Tutti i dubbi di Banca d’Italia sulle criptovalute

Che la crescita delle criptovalute avesse raggiunto un livello tale da non poter più essere ignorata dai grandi operatori della finanza mondiale e dagli istituti pubblici di vigilanza, era già noto dalla fine dello scorso anno. La più celebre delle monete virtuali, il BitCoin, nel dicembre 2017 ha raggiunto il valore record di circa 19300 dollari.

Il valore è poi notevolmente calato fino a raggiungere i 9700 dollari attuali, ma il clamore che ha raggiunto ha portato un numero sempre crescente di persone ad avvicinarsi al mondo delle valute digitali.

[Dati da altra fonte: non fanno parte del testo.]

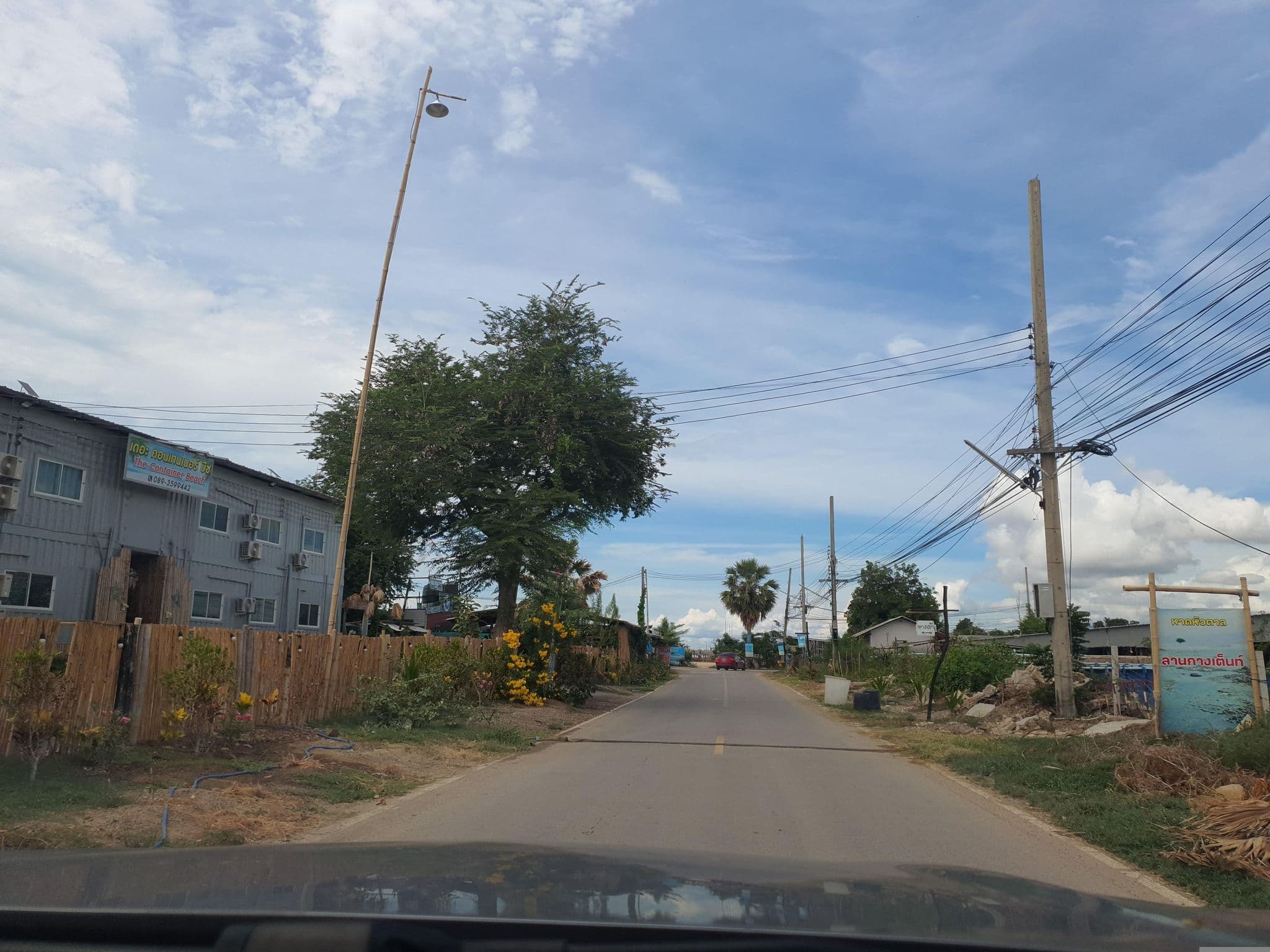 Street view near คอนเทรนเนอร์บีช, Tha Yang — © jrcarlsen (CC BY-SA · Mapillary)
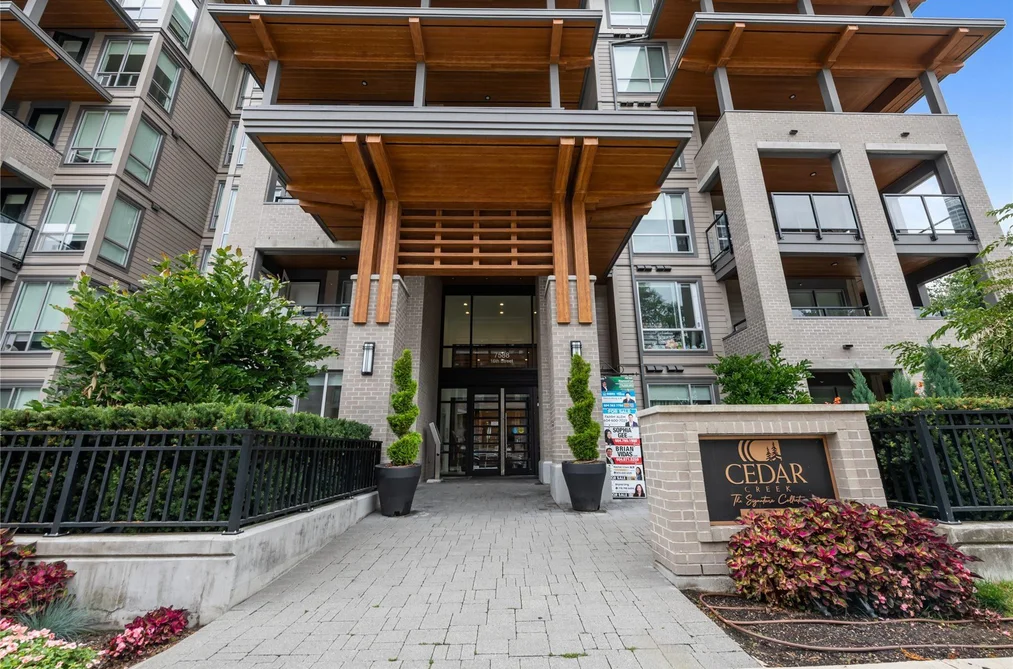 612-7588 16th Street, Burnaby, BC - Condo for Sale - Photo 16 of 20 612-7588 16th Street, Burnaby, BC - Condo for Sale - Photo 16 of 20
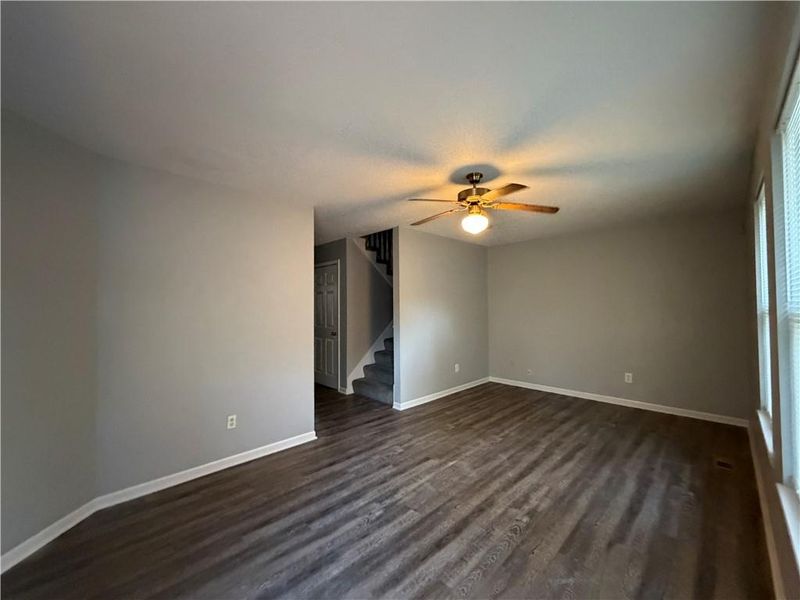 1700 W Walnut St, Independence, MO 64050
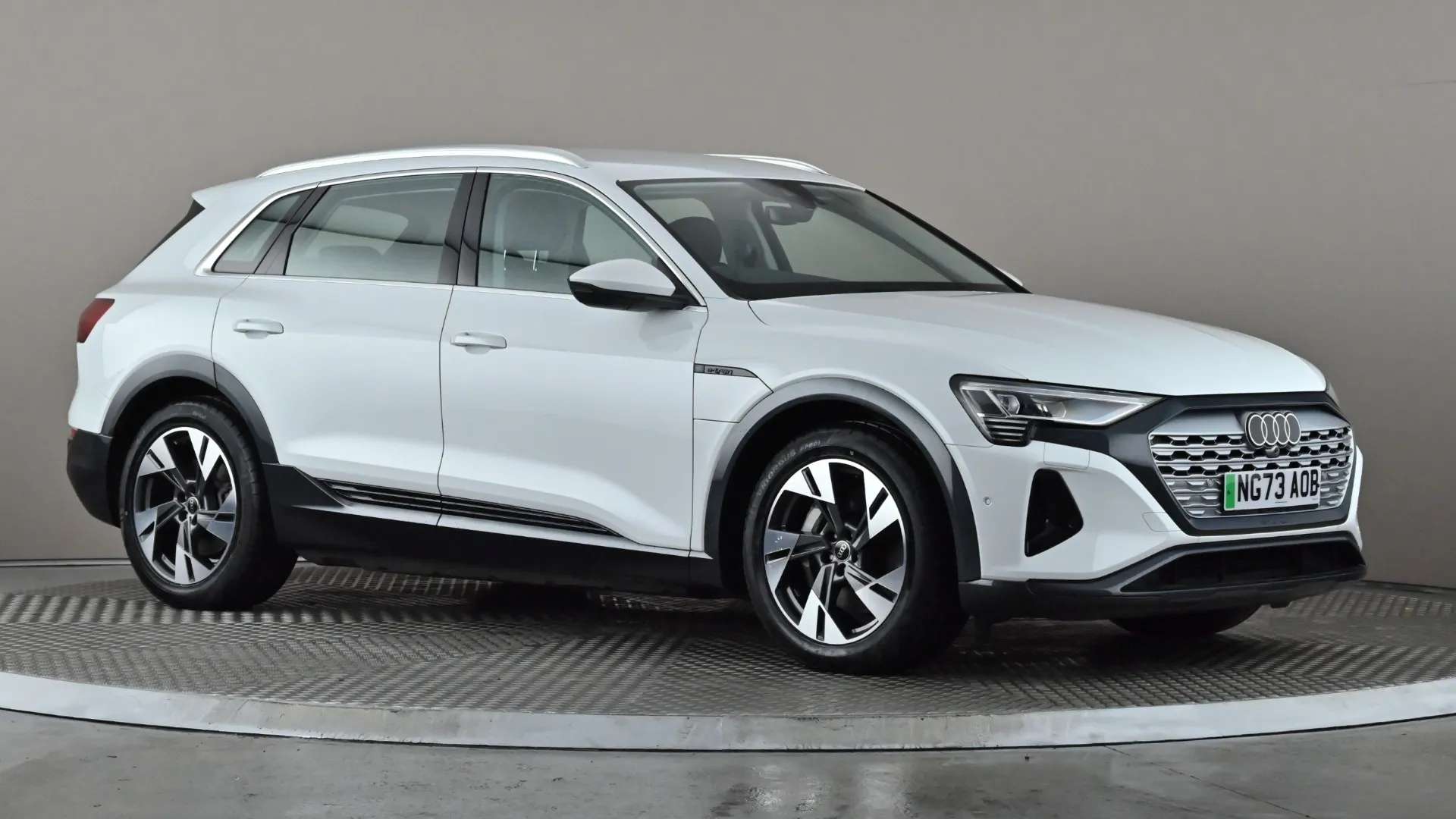 A 2023 AUDI Q8 300kW 55 Quattro 114kWh Sport Auto A 2023 AUDI Q8 300kW 55 Quattro 114kWh Sport Auto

A lanciare l’allarme questa volta è stata la nostra Banca d’Italia attraverso il primo “Rapporto sulla Stabilità Finanziaria” del 2018. L’istituto bancario si è soffermato in particolar modo sull’esplosione del mercato nell’ultimo anno. Dall’inizio del 2017 il numero di criptovalute in circolazione è più che triplicato ed è passato da circa 500 a più di 1600. L’aumento però non ha riguardato solo la quantità di monete digitali in circolazione, ma soprattutto il loro controvalore in dollari che è più che raddoppiato: ha superato infatti i 370 miliardi, importo di poco inferiore allo 0,5% della capitalizzazione delle borse a livello mondiale.

A spaventare Bankitalia sono principalmente i limiti di natura tecnologica che questi sistemi portano con sé e che ancora oggi rendono le criptovalute estremamente inefficienti rispetto alle altre forme di pagamento digitale. L’uso delle monete digitali è infatti gravato dall’incertezza sui tempi di esecuzione delle transazioni e dalla non trasparenza dei costi imputabili alle singole operazioni effettuate.

Questi motivi, sommati all’estrema variabilità del loro valore, hanno portato Banca d’Italia (come sottolineato anche da noi in un precedente articolo) a rilanciare l’idea che le criptovalute non abbiano ancora raggiunto la maturità e le caratteristiche necessarie per svolgere la funzione monetaria ma che siano, allo stato attuale, un vero e proprio strumento speculativo.

Alle critiche è però seguito un elogio nei confronti della “distributed ledger technology”, la tecnologia che consente di fatto di effettuare le transazioni in valuta digitale.

La DLT ha il potenziale per portare enormi benefici all’economia globale e una vera e propria rivoluzione in molteplici settori industriali. Questo attestato di stima fa eco alla posizione assunta dall’Unione Europea su questo tema.

In seguito all’istituzione di un un osservatorio permanete sulla blockchain voluto dalla Commissione europea, ben ventidue paesi del vecchio continente (tra questi non c’è l’Italia) hanno deciso di siglare un accordo denominato European Blockchain Partnership che ha come obiettivo lo scambio di competenze in campo tecnico e normativo tra gli stati. L’impegno di Bruxelles in questo senso sta raggiungendo una dimensione sempre più concreta. Negli scorsi anni erano già stati investiti oltre 80 milioni di euro in progetti innovativi a sostegno dell’uso di questa tecnologia e questa cifra dovrebbe superare i 300 milioni entro il 2020.